**Exercise material:**

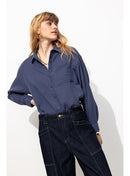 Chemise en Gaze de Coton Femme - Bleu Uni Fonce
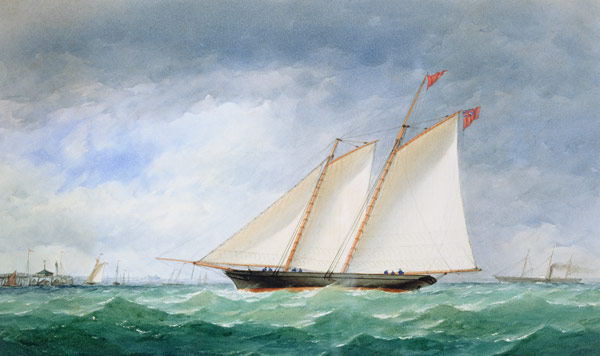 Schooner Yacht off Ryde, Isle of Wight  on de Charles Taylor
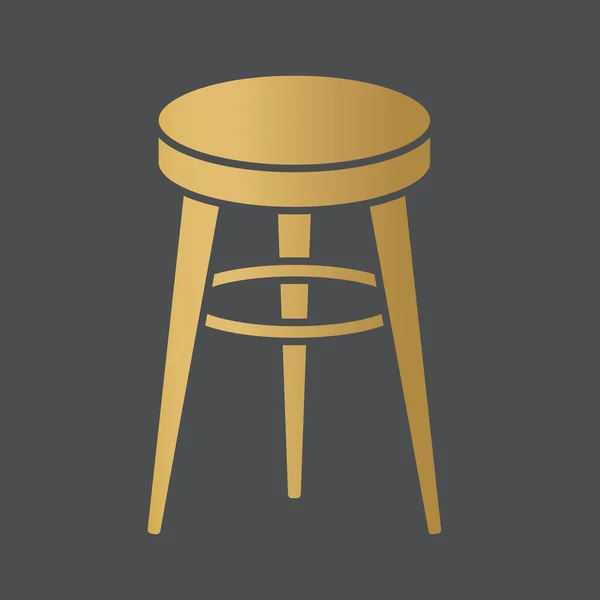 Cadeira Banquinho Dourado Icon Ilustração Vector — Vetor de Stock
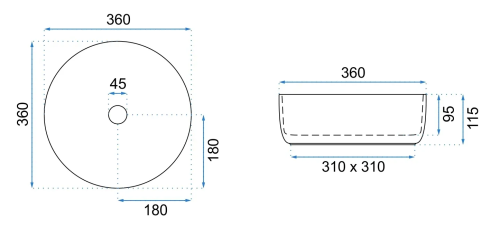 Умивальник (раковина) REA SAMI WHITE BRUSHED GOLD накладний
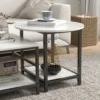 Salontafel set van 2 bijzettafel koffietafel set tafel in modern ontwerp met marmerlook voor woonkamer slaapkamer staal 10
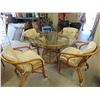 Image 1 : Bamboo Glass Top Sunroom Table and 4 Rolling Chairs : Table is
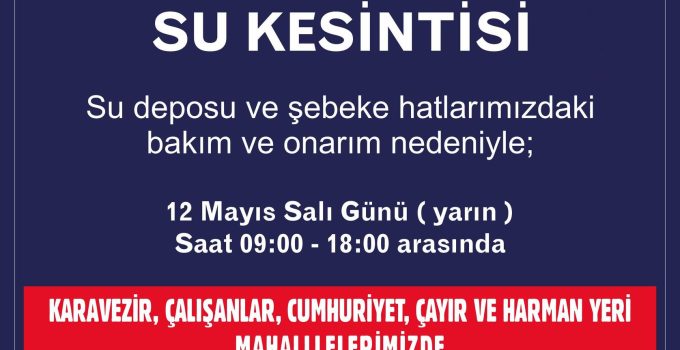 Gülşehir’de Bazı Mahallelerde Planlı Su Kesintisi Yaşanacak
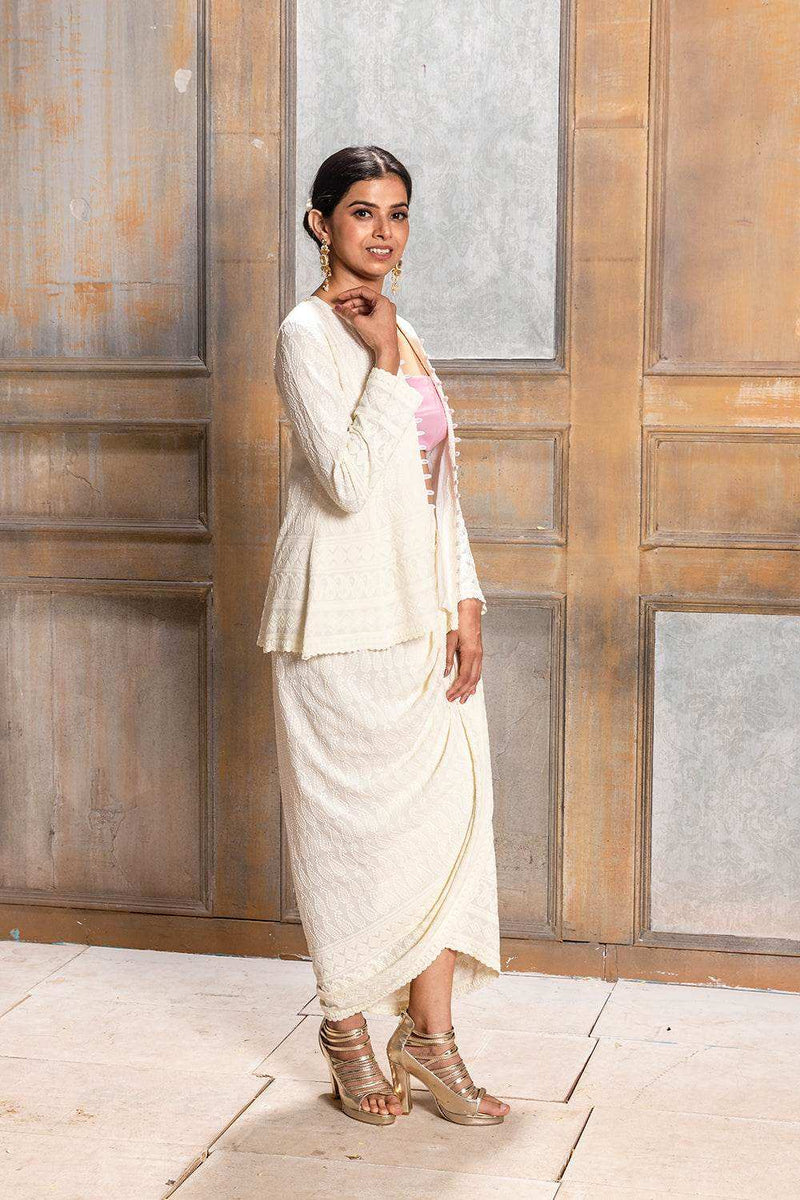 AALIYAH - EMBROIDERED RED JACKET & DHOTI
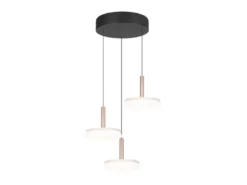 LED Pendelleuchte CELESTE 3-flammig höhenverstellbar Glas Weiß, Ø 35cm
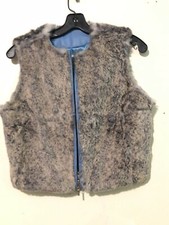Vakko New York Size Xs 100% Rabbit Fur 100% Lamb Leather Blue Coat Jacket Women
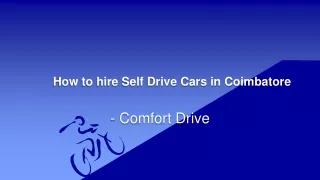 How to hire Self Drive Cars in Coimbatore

**What you will do:** Each record above should be returned unchanged, except that the pictures are dropped.

**Result of the exercise:**
 Chemise en Gaze de Coton Femme - Bleu Uni Fonce
 Schooner Yacht off Ryde, Isle of Wight  on de Charles Taylor
 Cadeira Banquinho Dourado Icon Ilustração Vector — Vetor de Stock
 Умивальник (раковина) REA SAMI WHITE BRUSHED GOLD накладний
 Salontafel set van 2 bijzettafel koffietafel set tafel in modern ontwerp met marmerlook voor woonkamer slaapkamer staal 10
 Image 1 : Bamboo Glass Top Sunroom Table and 4 Rolling Chairs : Table is
 Gülşehir’de Bazı Mahallelerde Planlı Su Kesintisi Yaşanacak
 AALIYAH - EMBROIDERED RED JACKET & DHOTI
 LED Pendelleuchte CELESTE 3-flammig höhenverstellbar Glas Weiß, Ø 35cm
Vakko New York Size Xs 100% Rabbit Fur 100% Lamb Leather Blue Coat Jacket Women
 How to hire Self Drive Cars in Coimbatore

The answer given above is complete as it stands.